The predominant ENAs are anti-centromere and anti-Th/To in lcSSc and anti-topoisomerase 1 and anti-RNA polymerase III in dcSSc. Anti-U1RNP, U3RNP and PM-Scl are found in SSc overlap syndromes. Anti-centromere is specific (97%) for SSc when tested in patients with other CTDs and has a PPV of 89.5%. Their presence is associated with peripheral arterial disease and pulmonary arterial hypertension. Anti-Th/To has been less widely studied and the sensitivity and specificity are not accurately known, but they are present in ∼5% of patients and associated with pulmonary hypertension and fibrosis [7]. Anti-topoisomerase 1 is highly specific (99.5%), with an excellent PPV of 98% but a lower sensitivity (26%). It is associated with cardiac involvement and pulmonary fibrosis. Anti-RNA polymerase III has the strongest association with scleroderma renal crisis, found in ∼50% of patients developing this complication [8].

Polymyositis and dermatomyositis

These are inflammatory disorders of skeletal muscle, presenting with symmetrical proximal muscle weakness. Dermatomyositis occurs as a result of a complement-mediated microangiopathy and can be associated with underlying malignancy or an overlap with mixed connective tissue disorder. Polymyositis is characterized by an inflammatory infiltrate of CD8+ T cells in muscle fibres [9]. Renal manifestations are most commonly acute kidney injury secondary to rhabdomyolysis and myoglobinuria. Chronic glomerulonephritis can occur. MPGN is most commonly described in polymyositis and membranous nephropathy in dermatomyositis [10].

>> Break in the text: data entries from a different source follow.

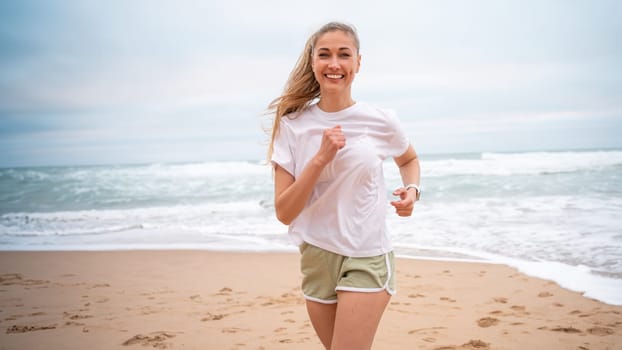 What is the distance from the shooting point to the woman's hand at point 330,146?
209 cm

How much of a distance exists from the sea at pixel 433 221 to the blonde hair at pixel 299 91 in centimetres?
42

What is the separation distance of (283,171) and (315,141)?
0.68 ft

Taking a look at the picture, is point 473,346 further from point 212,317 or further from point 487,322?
point 212,317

Anti-Jo-1 is an antibody against histidyl-tRNA synthetase and is found in ∼20% of patients [9]. It can also be found in patients with interstitial lung disease without myositis.

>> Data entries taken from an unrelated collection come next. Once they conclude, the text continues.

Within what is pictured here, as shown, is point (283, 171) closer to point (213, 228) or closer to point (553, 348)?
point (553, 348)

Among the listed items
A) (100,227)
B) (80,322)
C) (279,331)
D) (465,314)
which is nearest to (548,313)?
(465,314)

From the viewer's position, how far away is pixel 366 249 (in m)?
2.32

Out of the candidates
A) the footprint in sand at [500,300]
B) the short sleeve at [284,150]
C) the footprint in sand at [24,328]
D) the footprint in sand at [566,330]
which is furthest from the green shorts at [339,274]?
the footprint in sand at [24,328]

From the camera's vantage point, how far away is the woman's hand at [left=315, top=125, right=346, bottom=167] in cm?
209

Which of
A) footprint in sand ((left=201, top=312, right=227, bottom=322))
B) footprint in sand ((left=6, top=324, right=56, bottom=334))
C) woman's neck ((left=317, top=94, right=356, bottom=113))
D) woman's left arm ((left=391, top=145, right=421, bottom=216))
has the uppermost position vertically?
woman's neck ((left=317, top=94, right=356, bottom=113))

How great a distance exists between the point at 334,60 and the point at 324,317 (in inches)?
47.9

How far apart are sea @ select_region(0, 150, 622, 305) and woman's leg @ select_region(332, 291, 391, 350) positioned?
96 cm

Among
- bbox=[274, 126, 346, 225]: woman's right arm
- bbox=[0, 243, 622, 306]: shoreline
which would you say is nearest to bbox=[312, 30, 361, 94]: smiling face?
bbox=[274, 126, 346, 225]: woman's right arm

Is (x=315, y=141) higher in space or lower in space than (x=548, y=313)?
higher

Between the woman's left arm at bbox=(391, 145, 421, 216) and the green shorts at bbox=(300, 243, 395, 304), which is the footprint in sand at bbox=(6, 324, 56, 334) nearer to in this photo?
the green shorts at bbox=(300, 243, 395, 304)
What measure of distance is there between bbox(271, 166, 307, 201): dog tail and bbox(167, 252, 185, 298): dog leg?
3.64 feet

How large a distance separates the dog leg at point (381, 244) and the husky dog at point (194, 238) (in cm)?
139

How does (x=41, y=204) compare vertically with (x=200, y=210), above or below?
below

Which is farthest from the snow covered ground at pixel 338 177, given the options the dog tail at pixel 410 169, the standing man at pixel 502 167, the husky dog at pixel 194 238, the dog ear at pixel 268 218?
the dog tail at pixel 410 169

Mixed connective tissue disorder

Mixed connective tissue disorder has overlapping features of SLE, SSc and dermatomyositis. Anti-U1RNP is suggestive of the diagnosis. Renal involvement occurs less frequently than in other disorders. The most common lesion is membranous nephropathy [7]. As mixed CTD can evolve into SLE or SSc, patients can develop lupus nephritis or scleroderma-related nephropathy.

CONCLUSIONS

Renal involvement is common in CTDs and causes a range of glomerular, tubulointerstitial and vascular pathologies. Autoantibody testing can play an important diagnostic role in patients with multisystem symptoms with renal impairment or dipstick abnormalities. However, their effective clinical utility depends on a reasonably high working pre-test probability of disease, as serological tests are not generally well-performing screening tools in wider populations.

Close liaison with the immunology laboratory can be helpful in evaluating patients whose clinical picture and serological test results are discordant. In some cases, testing for extended autoantibody panels is helpful in reaching a firmer diagnosis. In other cases, alternative diagnoses can lead to unexpected serological test results.

We summarize the diagnostic performance of ANA and ENA tests in Table 1.

FUNDING

RWH is funded by a Clinical Research Career Development Fellowship from the Wellcome Trust (award number 209562/Z/17/Z).

CONFLICT OF INTEREST STATEMENT

None declared. The results presented in this article have not been published previously in whole or part, including in abstract format.